The Westlake neighborhood in Seattle, which runs along the west side of Lake Union, had the biggest increase in the percentage of young adults. This area is just a stone’s throw from South Lake Union and the Amazon campus (this census tract also includes some of the eastern slope of Queen Anne).

In 2010, 36% of the area’s residents were between the ages of 25 and 34. By 2019, it was 52% — a millennial majority neighborhood.

At 52%, the Westlake neighborhood also has the highest percentage of millennials of anywhere in King County. But two other census tracts are also above 50% for the population aged 25-34. They both include sections of the Pike-Pine area in Seattle’s Capitol Hill neighborhood.


Not everywhere in Seattle attracted millennials. In the Georgetown neighborhood, 25- to 34-year-olds dropped from 35% to 23% of the total population during the last decade. This area got older, as the median age of residents jumped from 33.5 years to 43 years.

Renter majority

In 2019, for the first time in about 100 years, Seattle became a renter-majority city — that is, there were more people living in rentals than in owner-occupied homes. Over the 2010s, there was a tremendous boom in apartment construction, mainly in central Seattle and other neighborhoods zoned for greater density.

Between 2010 and 2019, seven of Seattle’s 121 census tracts moved from owner-majority to renter-majority status. These areas were scattered across the city, in north, west and south Seattle. But one of the biggest increases in renters was in an area of Central Seattle.

A new apartment complex is ready for residents in the Central District, part of which saw Seattle’s biggest increase in the amount of people who rent their homes as opposed to owning them.  (Ken Lambert / The Seattle Times)

The Central District’s Cherry Hill area (the census tract runs between East Yesler Way and East Marion Street), a historically Black neighborhood, saw a lot of changes over the course of the decade. It became majority white, home values shot up 45% and a lot of younger people moved in.

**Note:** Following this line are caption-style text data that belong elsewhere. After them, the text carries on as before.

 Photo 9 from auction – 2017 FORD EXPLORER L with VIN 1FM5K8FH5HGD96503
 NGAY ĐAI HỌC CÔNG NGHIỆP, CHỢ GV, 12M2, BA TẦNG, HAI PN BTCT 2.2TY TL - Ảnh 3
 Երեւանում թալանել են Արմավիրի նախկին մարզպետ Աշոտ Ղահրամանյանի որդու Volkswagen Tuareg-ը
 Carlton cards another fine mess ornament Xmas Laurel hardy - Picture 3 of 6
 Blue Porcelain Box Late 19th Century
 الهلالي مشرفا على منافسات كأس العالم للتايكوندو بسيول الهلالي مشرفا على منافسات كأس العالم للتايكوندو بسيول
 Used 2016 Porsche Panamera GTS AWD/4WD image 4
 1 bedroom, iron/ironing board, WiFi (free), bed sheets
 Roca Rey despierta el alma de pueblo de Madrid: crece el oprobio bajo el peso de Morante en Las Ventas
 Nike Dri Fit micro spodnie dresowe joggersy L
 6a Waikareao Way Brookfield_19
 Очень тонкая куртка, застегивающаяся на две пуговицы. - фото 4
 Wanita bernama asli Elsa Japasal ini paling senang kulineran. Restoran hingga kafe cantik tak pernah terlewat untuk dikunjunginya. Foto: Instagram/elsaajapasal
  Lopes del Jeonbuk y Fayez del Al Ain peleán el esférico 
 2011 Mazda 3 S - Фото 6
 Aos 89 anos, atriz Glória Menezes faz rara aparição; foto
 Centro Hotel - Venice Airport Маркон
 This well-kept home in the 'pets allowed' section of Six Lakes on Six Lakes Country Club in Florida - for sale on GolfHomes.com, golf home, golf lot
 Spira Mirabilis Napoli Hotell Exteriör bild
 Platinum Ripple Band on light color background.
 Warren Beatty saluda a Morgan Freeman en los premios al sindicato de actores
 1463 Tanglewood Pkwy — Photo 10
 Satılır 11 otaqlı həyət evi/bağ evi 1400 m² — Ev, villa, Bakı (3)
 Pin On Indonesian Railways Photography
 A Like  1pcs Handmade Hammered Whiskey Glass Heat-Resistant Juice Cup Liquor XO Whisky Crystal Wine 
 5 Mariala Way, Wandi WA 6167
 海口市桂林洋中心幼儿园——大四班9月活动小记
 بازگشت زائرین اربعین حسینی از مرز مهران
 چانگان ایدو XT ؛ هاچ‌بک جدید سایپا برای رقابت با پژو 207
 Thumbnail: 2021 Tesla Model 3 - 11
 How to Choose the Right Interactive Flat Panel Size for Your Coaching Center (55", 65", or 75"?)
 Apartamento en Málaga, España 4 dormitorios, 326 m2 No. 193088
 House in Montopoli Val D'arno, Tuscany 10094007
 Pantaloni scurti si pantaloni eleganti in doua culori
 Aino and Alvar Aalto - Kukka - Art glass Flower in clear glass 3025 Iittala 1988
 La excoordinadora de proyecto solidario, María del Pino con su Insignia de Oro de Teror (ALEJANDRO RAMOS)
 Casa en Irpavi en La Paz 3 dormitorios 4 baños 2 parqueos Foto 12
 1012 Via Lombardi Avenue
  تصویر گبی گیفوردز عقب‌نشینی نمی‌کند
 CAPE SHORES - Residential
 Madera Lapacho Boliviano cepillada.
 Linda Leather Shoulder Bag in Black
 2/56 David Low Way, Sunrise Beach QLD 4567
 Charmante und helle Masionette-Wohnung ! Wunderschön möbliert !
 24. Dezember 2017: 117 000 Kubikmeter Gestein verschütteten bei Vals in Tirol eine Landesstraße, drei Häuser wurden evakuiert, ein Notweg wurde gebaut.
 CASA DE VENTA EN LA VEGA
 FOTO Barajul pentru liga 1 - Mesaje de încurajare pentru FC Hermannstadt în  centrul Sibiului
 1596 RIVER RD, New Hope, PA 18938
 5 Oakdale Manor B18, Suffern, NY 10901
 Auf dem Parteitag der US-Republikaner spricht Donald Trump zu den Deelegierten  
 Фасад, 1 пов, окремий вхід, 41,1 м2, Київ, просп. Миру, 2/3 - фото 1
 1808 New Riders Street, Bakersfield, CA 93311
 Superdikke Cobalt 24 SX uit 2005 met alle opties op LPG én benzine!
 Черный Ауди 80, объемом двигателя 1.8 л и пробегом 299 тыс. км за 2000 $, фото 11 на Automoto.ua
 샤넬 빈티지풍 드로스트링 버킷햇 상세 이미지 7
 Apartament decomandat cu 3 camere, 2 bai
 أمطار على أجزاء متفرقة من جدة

Around 1,800 residents — a little less than half of the people living here — were renting their homes in 2010. By 2019, the number of renters grew to nearly 2,700, and they now make up about 62% of the population. Of all the Seattle census tracts that became majority renter in the 2010s, this one has the highest percentage of renters.

Cars per capita

For much of the last decade, during our period of tremendous population growth, Seattle was adding cars as fast as people. That increase in our car “population” finally leveled off in the last couple of years.


Even so, we have a tremendous number of cars squished into our 84-square-mile city: roughly 460,000 of them. On a per capita basis, we have more than 600 cars for every 1,000 city residents.

But some places in the area have bucked the trend toward more vehicles, and I’m happy to highlight the most notable of these.

An entrance to the Capitol Hill light-rail station. The arrival of the transit service in that neighborhood in 2016 is likely to have contributed to a decline in the number of cars per capita there between 2010 and 2019.  (Ken Lambert / The Seattle Times)

In the census tract in the heart of Seattle’s Capitol Hill, the number of cars dropped from a rate of 577 per 1,000 residents to 399. That’s a 31% decline, the largest of any census tract. This area includes the Capitol Hill light-rail station that opened in 2016.

It shows that when people live in walkable neighborhoods with good transit and car-sharing options — and when a owning car becomes a big enough expense and hassle — many are willing to go car-less.

It’s not just in the city of Seattle, either. After Capitol Hill, the second biggest decline in cars per capita was in the Robinswood neighborhood of Bellevue, where many Bellevue College students live.

A note on the data: Because census tracts are small areas, in order to get a larger sample, the Census Bureau averages five years worth of data to produce its annual estimates. So the 2019 data for census tracts represents the average of the years 2016 to 2019, and the 2010 data represents the average of the years 2006-2010.